#### Information shown

= Beginning of Section =

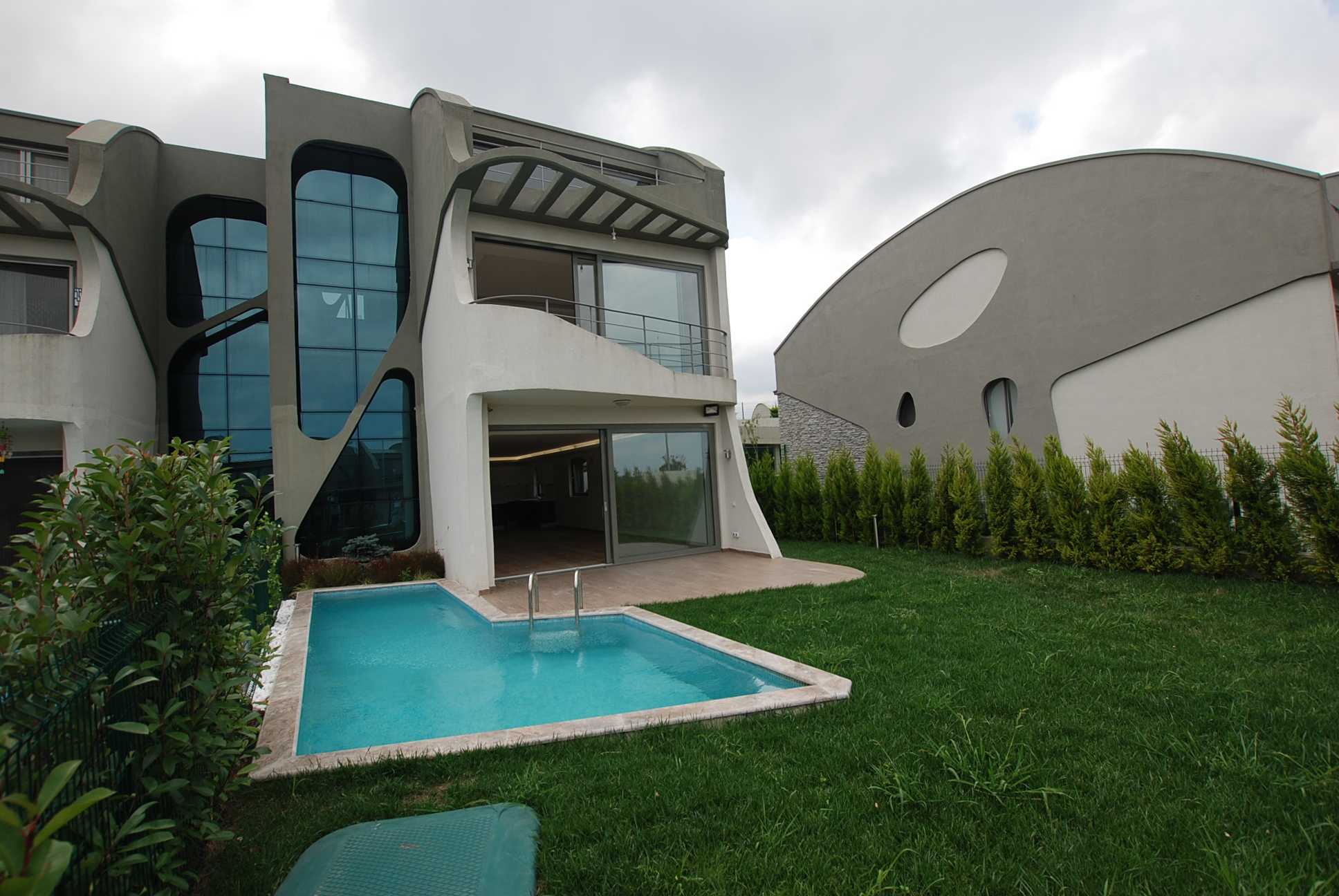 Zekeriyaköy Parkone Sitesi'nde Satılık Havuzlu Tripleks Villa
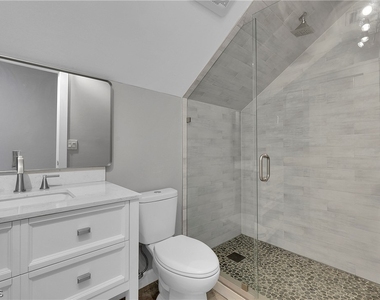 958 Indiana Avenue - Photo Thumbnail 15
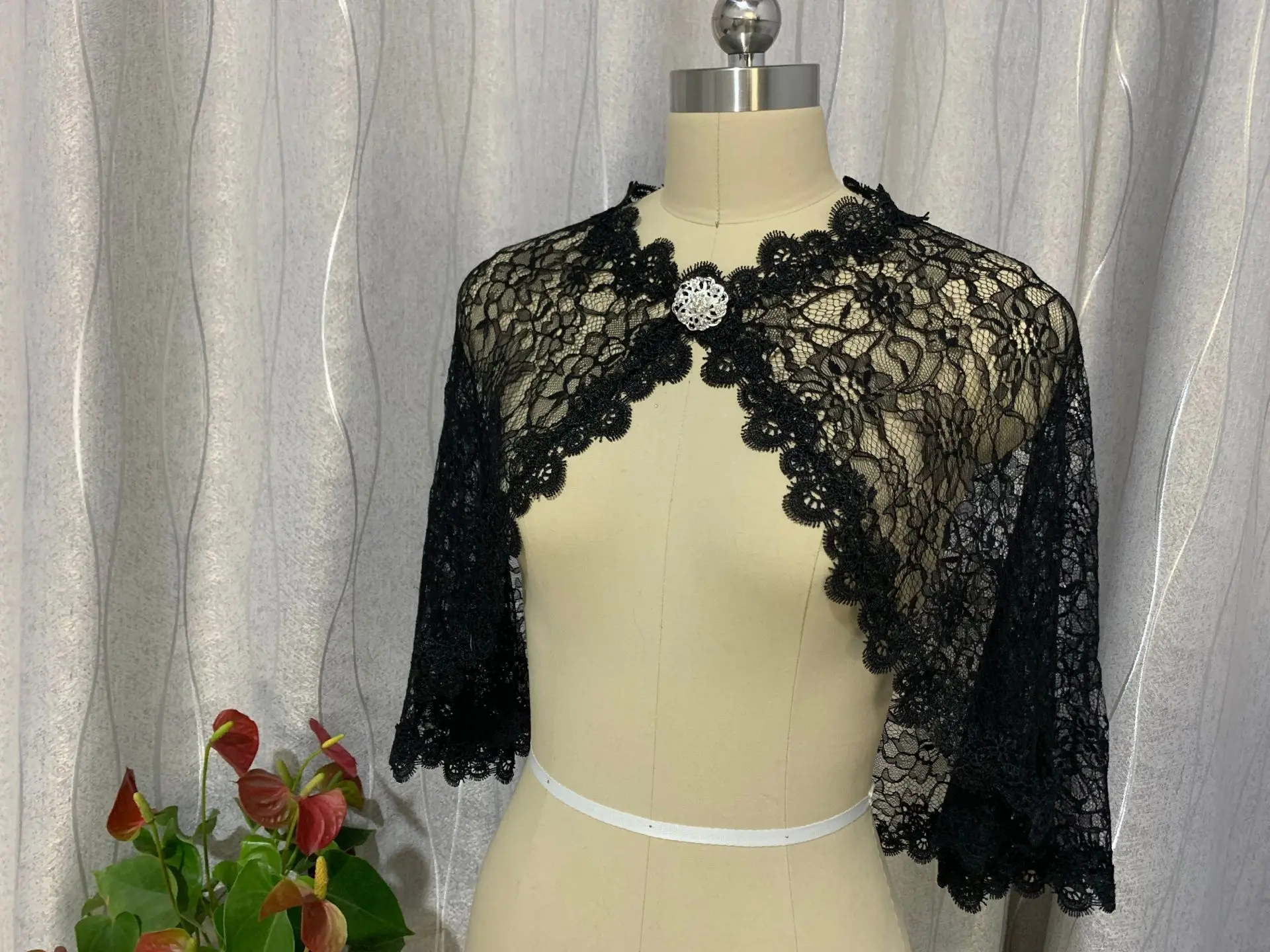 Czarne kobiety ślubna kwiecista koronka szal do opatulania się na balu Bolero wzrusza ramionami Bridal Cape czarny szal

= End of Section =

#### Problem to work on
The answer must repeat every line of the listing exactly and leave the pictures out.

#### Answer to the exercise
 Zekeriyaköy Parkone Sitesi'nde Satılık Havuzlu Tripleks Villa
 958 Indiana Avenue - Photo Thumbnail 15
 Czarne kobiety ślubna kwiecista koronka szal do opatulania się na balu Bolero wzrusza ramionami Bridal Cape czarny szal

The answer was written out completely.